A question I hear often from young people is “What is my purpose?” and this truly was the heart of the problems I experienced. I was ignorant of the purposes that God had intended for this life, and to be outside of God is to be empty, unfulfilled and without hope. I had to understand that the question itself “What is my purpose” is deceptive because it puts the focus on you. The real question is “What is God’s purpose for this life?” Answering this question took me almost two years, mostly because I am pretty stubborn and thick headed.

In teaching this to young men I use the illustration of Football tryouts. I have not had to teach this to young women yet so for all you ladies who read this I apologize now for swerving into sports. The first thing I teach the boys is that you don’t get to tryouts without a scouting report. Someone took time to observe you in action and made an assessment of your talents and potential. This report is passed to someone who then invites you to tryouts.

Trying to understand what purpose God had for me started here. I sought out a set of people I respected for their character and trusted for their candor and asked them for three things. I asked them to describe me in one word adjectives, tell me what they thought I did well or had a natural talent for and site examples how I positively impacted others.
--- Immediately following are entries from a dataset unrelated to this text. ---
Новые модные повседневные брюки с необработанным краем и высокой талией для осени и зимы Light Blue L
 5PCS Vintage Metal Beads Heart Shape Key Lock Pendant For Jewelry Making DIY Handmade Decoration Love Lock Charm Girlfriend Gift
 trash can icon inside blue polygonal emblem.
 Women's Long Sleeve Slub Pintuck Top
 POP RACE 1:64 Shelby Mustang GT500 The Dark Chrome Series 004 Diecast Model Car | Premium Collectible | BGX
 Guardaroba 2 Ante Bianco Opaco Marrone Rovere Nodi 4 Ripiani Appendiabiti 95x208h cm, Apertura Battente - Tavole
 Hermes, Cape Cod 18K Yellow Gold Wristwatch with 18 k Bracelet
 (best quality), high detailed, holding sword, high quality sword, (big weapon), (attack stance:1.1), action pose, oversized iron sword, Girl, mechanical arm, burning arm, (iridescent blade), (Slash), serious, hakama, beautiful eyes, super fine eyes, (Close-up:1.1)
I did a self assessment on the same criteria and compared my perceptions with theirs. The difference between our assessments was astounding. Things I took for granted or discarded as irrelevant were the exact things that they found of most value. For the first time I was able to see, in tangible examples, what I had to offer to others.

The next thing I did was a series of tryouts. It is one thing to have a scouting report but testing that reports accuracy is another matter. I setup little drills or events in my work, home and church where I could use the gifts and talents written in my assessments. As I began participating in the different activities, feelings of validation and success poured upon me. Some activities tested my courage like teaching Bible studies, giving testimony and sharing personal essays with the world. I was growing in confidence for where my value could be expressed, although not everything in my scouting reports were accurate.

The last thing I had to do was understand what God was doing around me. I had a good tryout and training camp, and now had to join with God on what He was already doing. I spent time to understand my church and community more and see where in God’s work I could apply the gifts He gave me. This may seem like an obvious thing to do but I believe that many people miss it and take their talents back for their own purposes. The major test for me was our youth mission trip to Mexico because it was the one thing that I was adamant about not joining, and, of course, the very thing God pushed at me.

I was made the mission director by our pastor for a program that did not exist. I had no experience with this and found myself in the dual position of trusting God and trusting the gifts He gave me. A team had to be created and trained. Leaders had to be assigned and mentored. Fundraisers organized and conducted. Field work completed and the team brought home safely. It is an amazing amount of work but our team was even more amazing in their success. For me this was the championship game and I made a whole lot of errors. At times I felt close to failure but God remained true, leading me and through me the team.

This latest transformation in my life, starting close to three years ago, was not easy. I had to throw many false hopes and dreams away in order to cling to those God had for me. I suspect there are still a few of those I have to discard or have torn away from me. I want to be an encouragement, if I can, and confirm the rewards for being close to God and being used by God for God are without compare to what you can produce on your own.

Looking externaly, my life is not much different than before. I have a good career and loving family. I have about the same community of people around me and live in the same house. The differences from then and now are internal. Food will never taste so good, music sound as pure or love be as warm as when you take them from God’s hand and enjoy them at God’s table.